The final villain, and what a unique villain it is, is an alien symbiote that comes to Earth during a meteor shower. This symbiote needs to bond with a host in order to survive and chooses none other than Peter Parker.

When Parker bonds with the symbiote he goes to Dr. Curt Conners (future Spiderman villain Lizard) who informs him that the symbiote is likely to enhance the host's aggressive nature. For Peter the symbiote triggers an aggressive and sexually-charged reaction, leading fans to a "Saturday Night Fever"-esque scene that really ought to have been left in the 70's.

However, the bad taste that this scene leaves with the audience is quickly washed away by a cinematically stunning and visually chilling sequence during which Spidey abandons the symbiote and Venom is created.

Villain Venom is Daily Bugle photographer Eddie Brock (Topher Grace) who is the human host for the extra-terrestrial symbiote. The symbiote and Brock, who develops a vendetta against Parker through professional clashes at the Bugle, decide to team up and take Spiderman down once and for all.

Including the alien symbiote and Venom, who is often considered one of the best Spiderman villains ever created, is a brilliant choice on director Raimi's part. Not only is it an excellent opportunity to show off the advanced special-effect, but it also gives the audience a chance to see Peter Parker as more human.

True fans (or as Stan Lee would call them: "true believers") of the comic will recognize distinct differences between the film and the comic. One obvious instance of creative liberties is the skewing of the time-line in the film. The symbiote did not bond with Parker until it's appearance in the mid 80's, by which point both Gwen Stacy (Bryce Dallas Howard) and Captain George Stacy (James Cromwell) would be dead.

Fans will also notice that Venom/Brock referred to himself as "I," rather than the "we" that was always used in the comics which demonstrates the extent of the bond between Brock and the symbiote.
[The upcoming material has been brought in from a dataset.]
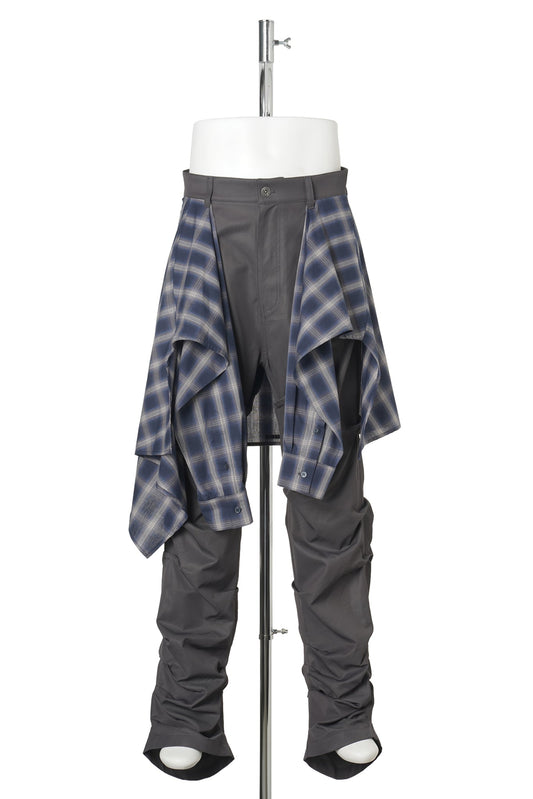 CHARCOAL MENS SHIRT WRAPPED PANTS / CHARCOAL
Raimi made excellent directing choices, specifically when it comes to Gwen Stacy. Stacy, who is killed by the Green Goblin in the comic, lives throughout the film. Had Raimi decided to include her death in the film, one of two things would have happen. In the comic, Stacy, who is romantically involved with Parker, is thrown of a bridge by the Green Goblin (a scene that was stolen for the climax of the first "Spiderman.")

If Raimi had kept Stacy's death unchanged, audiences would complain and had he strayed too far from the original plot, which remains a crucial moment in comic history by marking the end of the Silver Age of comic books. Thus, by keeping her as a secondary, almost tertiary, character, Raimi maintains the integrity of her character while still making her storyline interesting and part of the overall plot.

The plot is complex, the cast is talented, the effects are intense, the directing is flawless, the cinematography is graceful and the hero is believable. "Spiderman 3" is hardly a tangled web, but rather a stunning tapestry composed of all of the perfect movie elements, but most importantly it does not stray too far from the comic books.

"Spiderman 3" is rated PG-13 for sequences of intense action violence.